まず外観だが、マイクロフォーサーズ機としては大柄な部類に入り、最近のGX1やE-PL3に比べると厚みがかなりある。しかし、このくらい厚みがあった方が構えたとき安定するし、しっかりしたグリップも付いているのでなおさらだ。マウント上部に余裕があって、ボディーの背が高いのも特徴だが、この一見無駄に見えるスペースこそがレンズとのバランスをよく見せている。大きなレンズを付けても見栄えが悪くならないところがいい。たぶんこのスペースは内蔵ストロボやアクセサリーポートのために使われているのだと思う。上面の右側を切り下げたデザインも秀逸で、PEN Liteシリーズでは最も良いデザインだと思う。

重さの方は、14-42mmズームとバッテリーとSDカードを入れた実使用状態で実測するとジャスト500gであった。ちなみにE-620に14-42mmを付けた状態では実測790gであった。この差は大きい。このくらいの重さなら肩から提げていてもほとんどカメラの存在を意識することはない。やはり軽いカメラはありがたい。一度自転車にも載せてみたが、フロントバッグへの収まりもとても良い。E-620ならボディー側を下にしてレンズを上に向けないと入らなかったが、E-PL2は普通に置いた状態で余裕で入る。
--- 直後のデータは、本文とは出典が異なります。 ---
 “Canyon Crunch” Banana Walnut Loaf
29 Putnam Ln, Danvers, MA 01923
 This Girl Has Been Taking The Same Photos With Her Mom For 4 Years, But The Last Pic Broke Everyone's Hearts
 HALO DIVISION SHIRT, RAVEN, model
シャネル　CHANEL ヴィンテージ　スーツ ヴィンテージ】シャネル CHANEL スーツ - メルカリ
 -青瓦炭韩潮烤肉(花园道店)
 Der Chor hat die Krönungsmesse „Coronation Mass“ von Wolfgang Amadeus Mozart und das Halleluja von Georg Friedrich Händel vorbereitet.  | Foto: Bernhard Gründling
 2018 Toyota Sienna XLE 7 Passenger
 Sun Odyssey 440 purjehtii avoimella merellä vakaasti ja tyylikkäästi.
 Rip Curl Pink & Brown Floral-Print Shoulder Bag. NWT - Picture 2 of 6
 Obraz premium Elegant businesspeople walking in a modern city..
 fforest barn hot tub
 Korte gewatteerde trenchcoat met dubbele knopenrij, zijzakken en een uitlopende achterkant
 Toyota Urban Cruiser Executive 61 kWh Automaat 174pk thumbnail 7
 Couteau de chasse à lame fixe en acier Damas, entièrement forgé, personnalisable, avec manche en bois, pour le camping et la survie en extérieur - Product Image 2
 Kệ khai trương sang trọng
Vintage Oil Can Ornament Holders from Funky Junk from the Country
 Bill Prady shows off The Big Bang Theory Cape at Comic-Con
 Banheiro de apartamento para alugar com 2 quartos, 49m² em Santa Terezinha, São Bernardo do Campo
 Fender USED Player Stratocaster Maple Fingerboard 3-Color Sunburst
他の荷物を入れるスペースも十分にある。やはり一眼レフに比べてスクエアな形状は収まりがよい。こうなるとカメラを持ってのサイクリングも楽しくなるだろう。


背面の操作部。E-PL1sからの進化点として、コントロールダイヤルが装備されたことが大きい。E-P3のように2ダイヤル式ではないが、ダイヤルがあるのとないのとでは大違いである。ただし、いろんな人が指摘しているように、このダイヤルの操作感は良くない。回転トルクが少し重いため、ダイヤルが滑って回しにくい。かといって変に力を入れると十字キーを誤って押してしまうことになる。微妙な力加減が要求される。ダイヤルの径がもう少し大きいと回しやすいのだが・・。まあこれはE-PL2に限らずどの機種も同じようだから慣れるしかない。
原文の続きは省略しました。